Il programma è a tema letterario, ma c’è una certa libertà. Non amo i percorsi troppo rigidi. Fatico sempre a creare un programma, perché non so cosa avrò voglia di suonare in quel preciso istante. Questa volta, avendo campo libero, ho inserito una serie di brani che rappresentano quasi delle proustiane “madeleines”, ovvero che generano in me ricordi particolarmente intensi, legati anche a un libro o in qualche caso a un film. Alcuni brani li suono per la prima volta e li ho studiati ad hoc, com’è il caso dell’Impromptu op. 90 n. 4, che rimanda a una memorabile scena del film Ritratto di signora (tratto dal romanzo di Henry James), quando Madame Merle sintetizza l’irruzione irrimediabile della vita nella frase «ci sono momenti in cui nemmeno Schubert ha più nulla da dirci». Meravigliosa trovo poi «l’irruzione di un valzer di Chopin» alla fine de L’amant di Marguerite Duras e l’apertura di un capitolo del Ritratto di Dorian Gray, di Oscar Wilde, con un personaggio che suona le Waldszenen di Schumann, composizione che amo come poche.
Tu unisci l’attività concertistica con quella di divulgatore e critico: è qualcosa che ti viene spontaneo o ti crea problemi?
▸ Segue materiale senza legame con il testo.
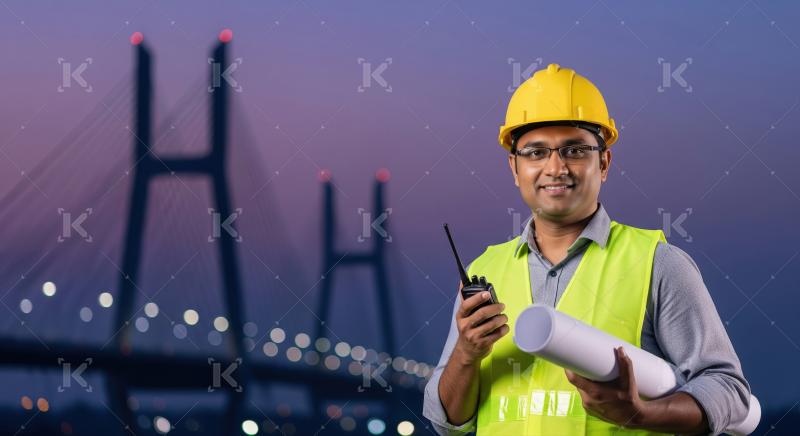 Confident Indian Engineer Supervising Bridge Project with Radio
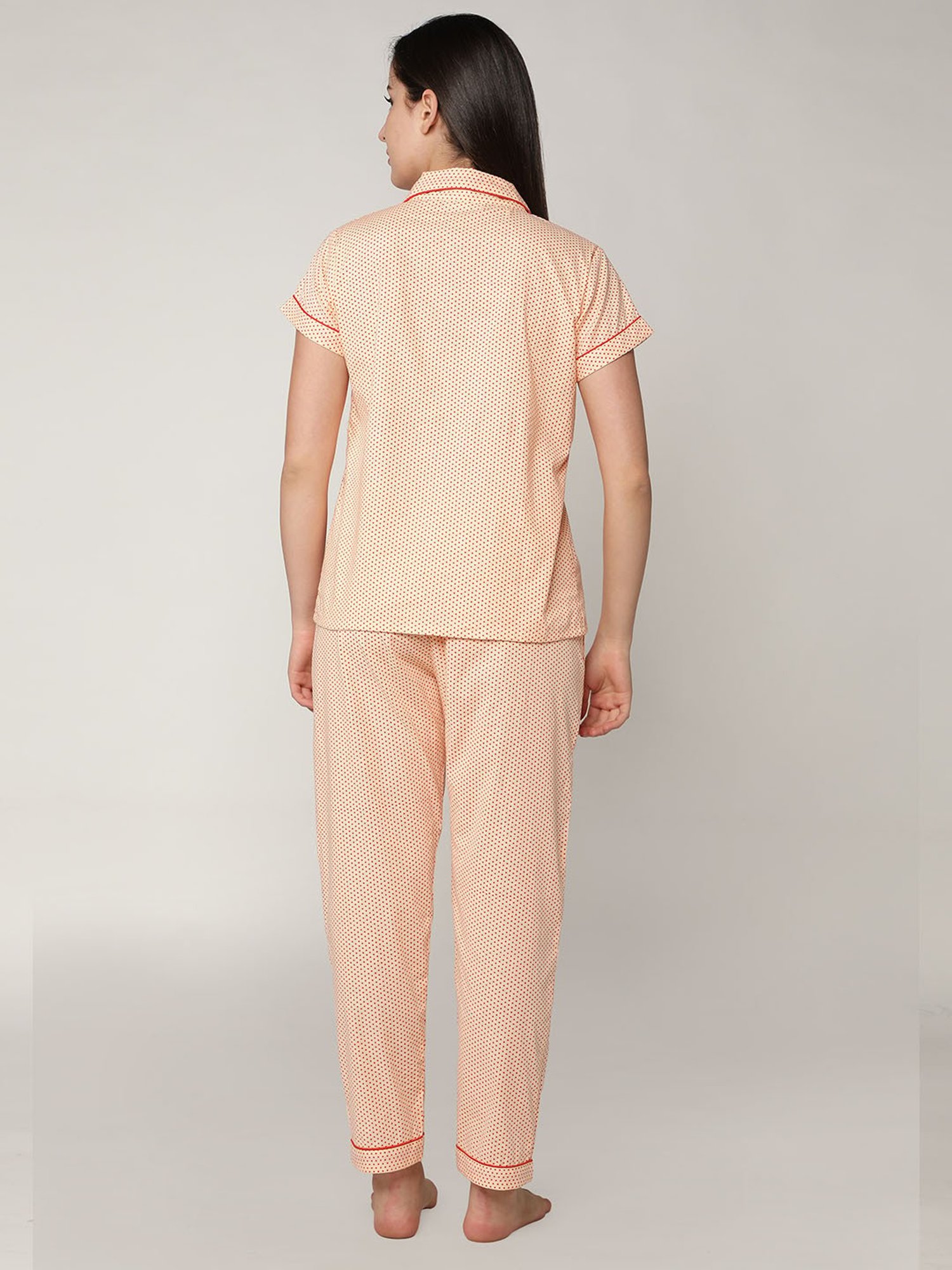 N-Gal Orange Printed Shirt with Pyjamas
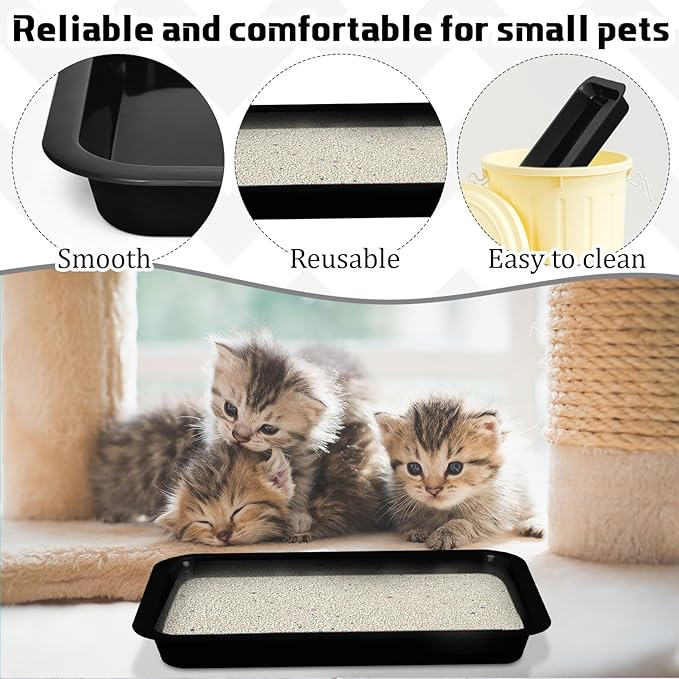 Tessco for you 3 Pcs Kitten Litter Box Shallow Low Entry Open Cat Litter Box Waterproof Plastic Small Rabbit Pan Tray Travel Toilet for Senior Cat Kitten Training(Black,15.1 x 12 x 1.4 Inch)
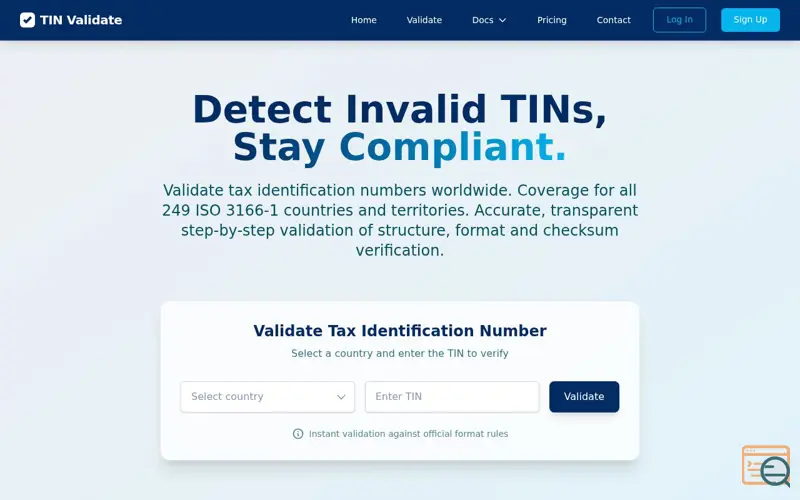 Screenshot of TIN Validate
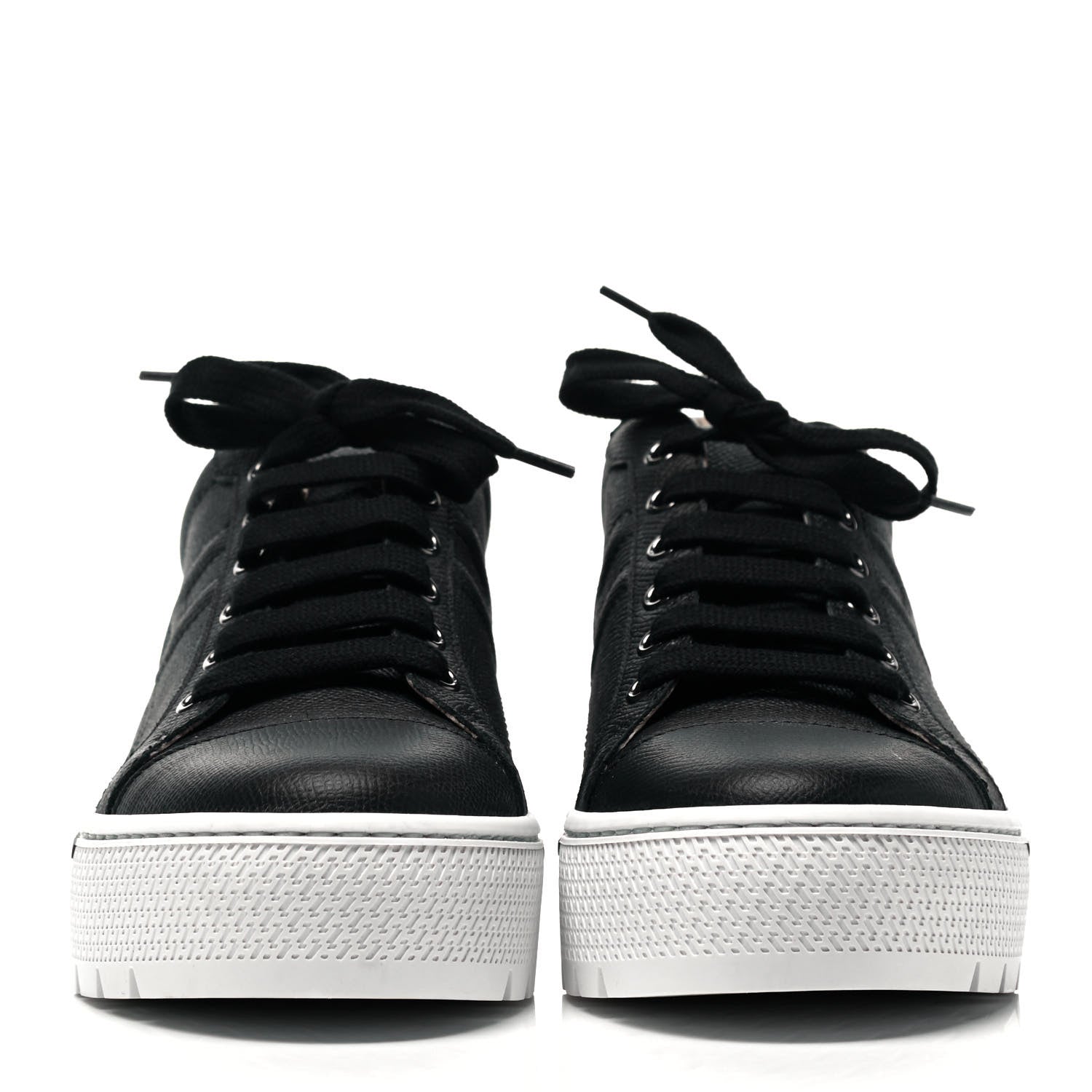 Hermes Epsom Womens Voltage Sneakers 37.5 Black White 2 of 10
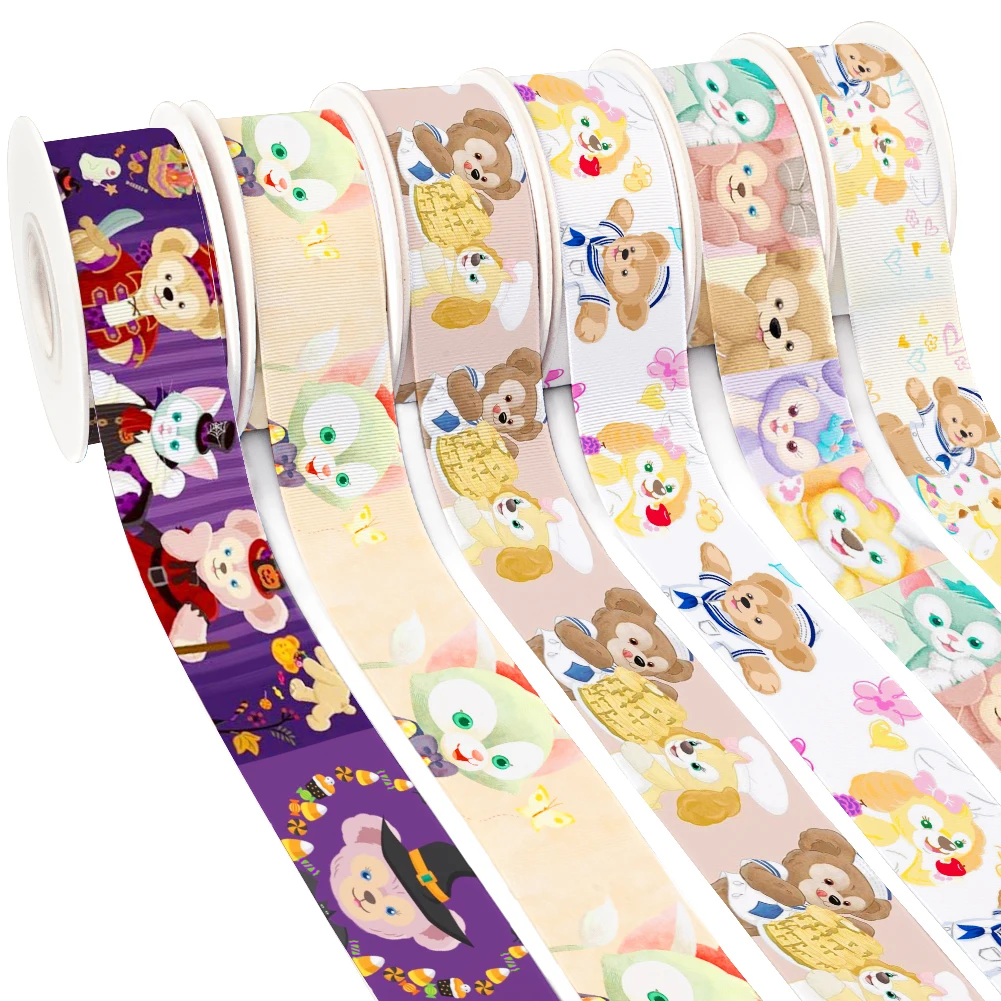 50 yards Cute Disney Cartoon Ribbon Duffy Friend's Bear Cartoon Printed Grosgrain Ribbon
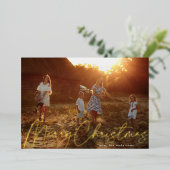 Carte De Vœux En Aluminium Gold Merry Christmas Full Bleed 1 Photo (Debout devant)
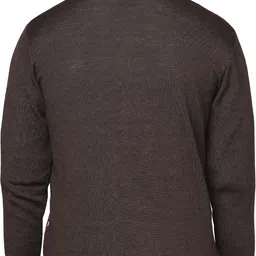 raymond Men Self Design V Neck Brown Sweater image 4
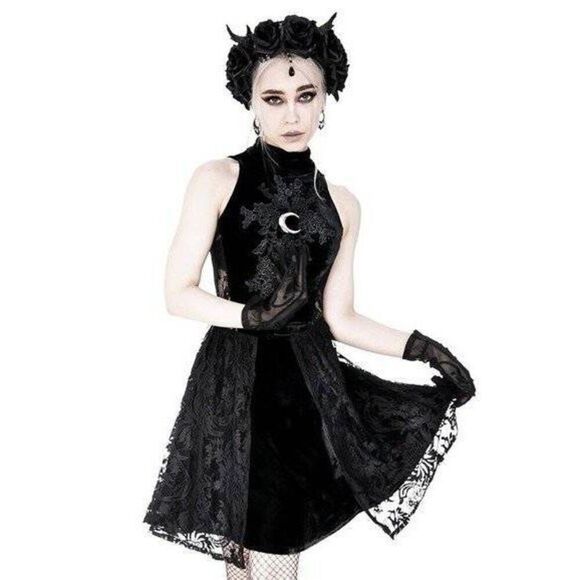 Restyle Dresses & Skirts - Restyle High Neck Gothic Lace and Velvet Dress
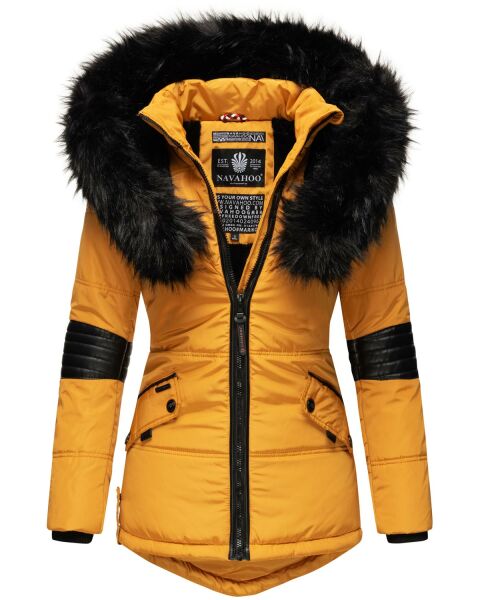 Navahoo Nirvana Damen Parka Winterjacke mit Kunstfell Gelb Größe S - Gr. 36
Vivo la musica in maniera felicemente totalizzante, ma non posso negare che questa molteplicità di attività mi crei grossi problemi: il tempo purtroppo non sempre basta per fare tutto come vorrei. Il pianoforte è impietoso: non è vero che basta studiare poco e bene, anche la quantità conta. Il mio insegnante diceva a noi allievi: “Se Benedetti Michelangeli studiava 10 ore, voi quanto dovreste studiare?”. Era una provocazione, perché poi lui stesso consigliava di non superare le quattro o cinque ore, ma c’era del vero. Bisogna però anche tenere conto della legge della domanda e dell’offerta: tantissimi studenti sognano di fare i solisti e si impegnano per vincere concorsi, sperando poi di divenire star. Anche a me sarebbe piaciuto, ma ho avuto fin da subito un atteggiamento molto realistico: siccome pochissimi miei coetanei scrivevano di musica, ho iniziato fin da giovanissimo la mia attività di “musicografo”, affiancando poi dai ventisei anni quella di radiofonico. Ma non ho mai smesso di suonare e far concerti, con un’attività più o meno intensa a seconda degli altri carichi di lavoro: se non ho tempo di prepararmi come voglio, non programmo concerti, perché non voglio proporre qualcosa di raffazzonato. Di certo, però, non potrei mai smettere di suonare. Anche comporre mi attira molto. Per il resto, mi piace scrivere di musica, ma fatico sempre più a riconoscermi nel ruolo di “critico” concepito come “giudice”. Come scrittore di cose musicali, ciò che mi interessa è generare passione e discussione, magari anche aspra, non “pilotare” il gusto altrui. In questi giorni sto leggendo l’autobiografia scritta a 25 anni da Rudolf Nureyev, il quale dice qualcosa di molto vero quando afferma che può essere molto scoraggiante per un artista «che ha lavorato per mesi vedersi liquidato con poche parole frivole» da parte di un giornalista. L’arte, quando è fatta con onestà, richiede rispetto.
Un tuo sogno?
Vivere di musica raggiungendo una stabilità che mi permetta di donare agli altri le mie conoscenze: sarebbe bello, ad esempio, che a Milano nascesse un luogo in cui alcuni di noi musicisti si impegnassero a fare lezione, anche gratuitamente, a chi non ha una famiglia in grado di pagargli gli studi musicali. Talento e conto in banca sono cose diverse: la musica e l’arte in generale non dovrebbero essere esclusiva dei “figli di papà”.